(Second Reprint)



To the Senate:

Pursuant to Article V, Section I, Paragraph 14 of the New Jersey Constitution, I am returning Senate Bill No. 619 (Second Reprint) with my recommendations for reconsideration.

This bill permits, for a period of 270 days following the bill’s enactment, vulnerable patients, including patients with a developmental disability, patients residing in long-term care facilities, and patients receiving hospice care to receive authorization or continued authorization via telehealth and telemedicine for the use of medical cannabis.  Thereafter, the bill permits all other patients to receive continued authorization via telehealth and telemedicine for the use of medical cannabis, provided that the patient has had at least one previous in-office consultation with a health care practitioner prior to the patient’s initial authorization and the patient continues to have at least one in-office consultation on an annual basis for as long as the authorization continues.

To minimize exposure to Coronavirus disease 2019 (“COVID‑19”), and under the authority of P.L.2020, c.3, which authorized the Director of the Division of Consumer Affairs (“Director”) to waive any requirement of State law or regulation that may be necessary to facilitate the provision of health care services using telemedicine and telehealth during the Public Health Emergency declared in response to COVID-19, the Director issued Administrative Order 2020-15 on August 11, 2020.  The Administrative Order permits a physician issuing a certification for the use of medical cannabis to utilize a telemedicine encounter to satisfy the prescribing requirements, provided it is consistent with the standard of care and that certain other conditions are satisfied.  Administrative Order 2020-15 took effect immediately and remains in place through the end of the Public Health Emergency and State of Emergency declared in Executive Order No. 103 (2020), or the end of the telemedicine allowance designated by the United States Secretary of Health and Human Services, whichever occurs first.

I commend the bill’s sponsors for working to facilitate access to medical cannabis for those who need it and I agree that telehealth authorization should continue even after the emergencies in response to COVID-19 are lifted.  I am concerned, however, that the bill places undue limitations on the use of telehealth in this context that are overly restrictive and unnecessary for patient safety.  For example, the bill would immediately, and for a period of nine months, disqualify many patients who have been successfully utilizing telehealth and telemedicine services in accordance with the authorization provided by the Director’s Administrative Order.  These patients would subsequently be required to submit to mandatory in-person office visits when their eligibility resumes.  I do not agree with resurrecting old barriers to access, particularly as the pandemic continues.

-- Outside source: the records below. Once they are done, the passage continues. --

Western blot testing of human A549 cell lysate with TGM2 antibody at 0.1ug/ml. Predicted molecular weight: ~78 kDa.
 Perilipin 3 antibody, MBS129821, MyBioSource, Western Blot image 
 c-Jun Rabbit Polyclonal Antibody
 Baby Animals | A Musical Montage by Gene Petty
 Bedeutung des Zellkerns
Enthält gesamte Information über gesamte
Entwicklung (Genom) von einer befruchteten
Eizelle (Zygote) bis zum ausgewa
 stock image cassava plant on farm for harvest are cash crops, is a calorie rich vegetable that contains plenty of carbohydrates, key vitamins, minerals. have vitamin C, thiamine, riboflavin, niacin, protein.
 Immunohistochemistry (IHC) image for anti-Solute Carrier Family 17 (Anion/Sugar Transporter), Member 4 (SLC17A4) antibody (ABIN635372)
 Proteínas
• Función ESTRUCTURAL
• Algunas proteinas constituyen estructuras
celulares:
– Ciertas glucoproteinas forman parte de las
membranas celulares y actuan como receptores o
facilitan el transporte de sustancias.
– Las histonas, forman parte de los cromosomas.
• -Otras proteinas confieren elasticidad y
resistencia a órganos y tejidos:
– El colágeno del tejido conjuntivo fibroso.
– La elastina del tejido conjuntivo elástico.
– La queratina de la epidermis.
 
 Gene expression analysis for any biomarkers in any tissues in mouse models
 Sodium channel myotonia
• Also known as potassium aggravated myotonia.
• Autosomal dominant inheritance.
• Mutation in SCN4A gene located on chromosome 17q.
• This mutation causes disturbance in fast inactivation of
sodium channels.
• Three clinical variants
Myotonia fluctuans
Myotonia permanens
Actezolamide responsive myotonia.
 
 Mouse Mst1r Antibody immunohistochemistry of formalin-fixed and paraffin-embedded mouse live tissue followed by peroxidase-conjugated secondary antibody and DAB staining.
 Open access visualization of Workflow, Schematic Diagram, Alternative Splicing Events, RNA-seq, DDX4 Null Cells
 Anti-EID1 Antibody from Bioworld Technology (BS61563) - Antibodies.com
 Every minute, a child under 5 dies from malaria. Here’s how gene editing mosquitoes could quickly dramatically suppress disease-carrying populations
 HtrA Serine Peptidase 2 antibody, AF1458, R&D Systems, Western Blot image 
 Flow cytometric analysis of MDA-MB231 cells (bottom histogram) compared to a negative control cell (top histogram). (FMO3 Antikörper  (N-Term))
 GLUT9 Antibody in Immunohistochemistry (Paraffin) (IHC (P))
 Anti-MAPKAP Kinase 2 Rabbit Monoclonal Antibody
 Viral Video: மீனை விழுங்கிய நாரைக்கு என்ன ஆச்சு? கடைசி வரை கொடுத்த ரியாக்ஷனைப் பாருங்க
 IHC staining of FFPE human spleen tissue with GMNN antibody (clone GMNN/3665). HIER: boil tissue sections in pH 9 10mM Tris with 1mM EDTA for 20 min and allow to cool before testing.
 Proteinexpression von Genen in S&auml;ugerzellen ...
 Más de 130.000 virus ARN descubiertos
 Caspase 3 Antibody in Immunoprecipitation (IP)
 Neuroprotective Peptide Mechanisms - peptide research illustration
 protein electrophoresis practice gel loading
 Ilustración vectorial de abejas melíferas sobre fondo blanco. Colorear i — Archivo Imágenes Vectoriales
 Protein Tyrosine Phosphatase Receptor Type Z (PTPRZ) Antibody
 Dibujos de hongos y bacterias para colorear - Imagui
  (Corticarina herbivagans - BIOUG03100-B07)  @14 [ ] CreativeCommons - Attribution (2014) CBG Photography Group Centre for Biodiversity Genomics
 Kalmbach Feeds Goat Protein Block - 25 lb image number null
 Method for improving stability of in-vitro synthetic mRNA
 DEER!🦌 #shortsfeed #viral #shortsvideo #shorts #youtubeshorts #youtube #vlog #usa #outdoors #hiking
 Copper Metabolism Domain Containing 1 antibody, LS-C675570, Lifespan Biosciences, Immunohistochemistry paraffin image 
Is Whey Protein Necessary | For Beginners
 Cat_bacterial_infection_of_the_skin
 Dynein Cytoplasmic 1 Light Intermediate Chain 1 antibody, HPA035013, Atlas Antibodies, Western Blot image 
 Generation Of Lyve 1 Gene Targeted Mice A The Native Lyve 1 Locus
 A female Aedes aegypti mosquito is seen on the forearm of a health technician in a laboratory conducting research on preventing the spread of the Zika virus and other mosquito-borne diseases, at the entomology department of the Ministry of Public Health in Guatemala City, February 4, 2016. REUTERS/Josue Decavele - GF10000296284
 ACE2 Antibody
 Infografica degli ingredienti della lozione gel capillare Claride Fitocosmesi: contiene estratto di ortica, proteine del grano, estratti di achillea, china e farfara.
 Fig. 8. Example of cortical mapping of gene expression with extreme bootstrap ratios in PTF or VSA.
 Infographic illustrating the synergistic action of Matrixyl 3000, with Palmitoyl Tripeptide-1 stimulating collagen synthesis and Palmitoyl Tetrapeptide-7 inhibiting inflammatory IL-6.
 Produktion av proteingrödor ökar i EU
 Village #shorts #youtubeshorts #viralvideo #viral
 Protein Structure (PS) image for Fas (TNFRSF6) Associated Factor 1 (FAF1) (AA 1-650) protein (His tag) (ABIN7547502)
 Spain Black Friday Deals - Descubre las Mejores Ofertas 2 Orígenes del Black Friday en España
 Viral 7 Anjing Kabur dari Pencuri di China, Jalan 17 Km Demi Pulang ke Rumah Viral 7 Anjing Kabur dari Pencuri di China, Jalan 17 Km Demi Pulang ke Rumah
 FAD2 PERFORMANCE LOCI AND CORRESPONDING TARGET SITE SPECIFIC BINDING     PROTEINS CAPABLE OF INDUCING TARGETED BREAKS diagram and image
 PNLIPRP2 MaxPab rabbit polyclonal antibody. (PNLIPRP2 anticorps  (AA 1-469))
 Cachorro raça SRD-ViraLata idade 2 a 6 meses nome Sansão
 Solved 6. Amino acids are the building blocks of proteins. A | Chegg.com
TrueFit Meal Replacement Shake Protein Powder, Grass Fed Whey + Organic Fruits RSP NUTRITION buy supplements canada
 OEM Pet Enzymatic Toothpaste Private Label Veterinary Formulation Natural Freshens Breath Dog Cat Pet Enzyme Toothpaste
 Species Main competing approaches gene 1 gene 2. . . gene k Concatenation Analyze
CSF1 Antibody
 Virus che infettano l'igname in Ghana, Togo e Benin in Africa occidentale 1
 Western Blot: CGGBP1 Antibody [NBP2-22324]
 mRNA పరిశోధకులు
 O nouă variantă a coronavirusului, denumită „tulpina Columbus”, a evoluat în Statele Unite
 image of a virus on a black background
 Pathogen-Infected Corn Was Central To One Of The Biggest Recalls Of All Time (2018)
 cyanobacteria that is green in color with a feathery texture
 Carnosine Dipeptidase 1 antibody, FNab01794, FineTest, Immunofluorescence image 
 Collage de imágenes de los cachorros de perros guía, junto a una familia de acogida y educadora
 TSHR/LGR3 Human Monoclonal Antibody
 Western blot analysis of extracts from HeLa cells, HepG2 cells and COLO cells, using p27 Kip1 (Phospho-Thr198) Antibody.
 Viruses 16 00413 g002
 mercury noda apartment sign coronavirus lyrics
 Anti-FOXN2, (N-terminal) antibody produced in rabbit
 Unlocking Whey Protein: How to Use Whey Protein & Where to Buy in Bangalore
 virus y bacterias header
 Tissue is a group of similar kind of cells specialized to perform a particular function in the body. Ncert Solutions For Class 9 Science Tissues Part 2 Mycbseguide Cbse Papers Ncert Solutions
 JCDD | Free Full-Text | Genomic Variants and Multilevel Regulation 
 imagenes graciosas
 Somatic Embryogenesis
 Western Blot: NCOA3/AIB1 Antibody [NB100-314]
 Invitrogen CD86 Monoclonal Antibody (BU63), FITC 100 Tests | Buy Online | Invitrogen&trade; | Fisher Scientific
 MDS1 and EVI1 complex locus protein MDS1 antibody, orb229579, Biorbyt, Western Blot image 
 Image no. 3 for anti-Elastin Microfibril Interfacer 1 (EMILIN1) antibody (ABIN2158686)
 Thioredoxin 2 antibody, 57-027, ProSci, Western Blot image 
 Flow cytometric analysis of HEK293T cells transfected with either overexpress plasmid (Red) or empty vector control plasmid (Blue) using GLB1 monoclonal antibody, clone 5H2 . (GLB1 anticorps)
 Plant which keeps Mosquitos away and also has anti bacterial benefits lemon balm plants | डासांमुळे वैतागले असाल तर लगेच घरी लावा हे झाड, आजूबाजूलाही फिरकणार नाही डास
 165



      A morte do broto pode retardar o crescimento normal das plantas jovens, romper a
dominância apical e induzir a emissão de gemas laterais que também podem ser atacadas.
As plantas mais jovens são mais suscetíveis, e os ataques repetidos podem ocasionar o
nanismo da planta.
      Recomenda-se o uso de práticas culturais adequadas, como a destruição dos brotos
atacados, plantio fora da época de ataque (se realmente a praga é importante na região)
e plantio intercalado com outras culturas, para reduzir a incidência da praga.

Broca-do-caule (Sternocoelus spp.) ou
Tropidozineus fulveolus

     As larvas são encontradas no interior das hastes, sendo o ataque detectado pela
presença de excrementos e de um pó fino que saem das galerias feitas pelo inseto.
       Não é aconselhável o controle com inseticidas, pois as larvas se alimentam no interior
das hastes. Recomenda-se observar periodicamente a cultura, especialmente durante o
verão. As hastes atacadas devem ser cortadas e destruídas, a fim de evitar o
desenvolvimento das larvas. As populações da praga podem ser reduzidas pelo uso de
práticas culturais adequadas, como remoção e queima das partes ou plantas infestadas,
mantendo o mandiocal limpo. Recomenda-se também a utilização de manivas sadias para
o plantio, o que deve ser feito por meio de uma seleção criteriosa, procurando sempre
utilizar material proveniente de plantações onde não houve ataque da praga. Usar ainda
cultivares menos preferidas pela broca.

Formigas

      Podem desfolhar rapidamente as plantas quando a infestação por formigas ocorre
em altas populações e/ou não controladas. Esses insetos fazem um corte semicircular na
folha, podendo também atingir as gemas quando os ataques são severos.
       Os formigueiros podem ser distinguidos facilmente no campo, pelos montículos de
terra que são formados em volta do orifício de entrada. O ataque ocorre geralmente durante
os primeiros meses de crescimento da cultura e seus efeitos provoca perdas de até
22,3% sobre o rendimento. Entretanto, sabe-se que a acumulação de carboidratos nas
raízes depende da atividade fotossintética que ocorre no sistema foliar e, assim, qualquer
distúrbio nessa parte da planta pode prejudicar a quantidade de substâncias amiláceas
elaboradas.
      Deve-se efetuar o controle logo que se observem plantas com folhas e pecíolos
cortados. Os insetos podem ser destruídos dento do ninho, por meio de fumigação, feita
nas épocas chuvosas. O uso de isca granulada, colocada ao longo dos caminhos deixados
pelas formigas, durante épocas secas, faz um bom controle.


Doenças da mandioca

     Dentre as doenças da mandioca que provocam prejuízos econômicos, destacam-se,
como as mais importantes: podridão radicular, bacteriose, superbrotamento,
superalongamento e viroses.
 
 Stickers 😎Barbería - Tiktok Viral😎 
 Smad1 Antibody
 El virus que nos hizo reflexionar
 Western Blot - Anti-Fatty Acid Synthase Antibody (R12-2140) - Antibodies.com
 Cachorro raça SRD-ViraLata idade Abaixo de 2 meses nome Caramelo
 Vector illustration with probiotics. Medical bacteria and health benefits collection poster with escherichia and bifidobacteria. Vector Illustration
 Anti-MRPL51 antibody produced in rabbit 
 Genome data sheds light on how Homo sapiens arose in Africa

I am therefore recommending revisions that will mirror the broad telehealth and telemedicine authorization granted in the Administrative Order.  My amendments will authorize telehealth and telemedicine for all patients, provided it is otherwise consistent with the standard of care.  Importantly, my revisions allow practitioners to require in-person visits either as part of the initial consultation or the continued authorization, when the practitioner determines an in-person visit is necessary for a particular patient.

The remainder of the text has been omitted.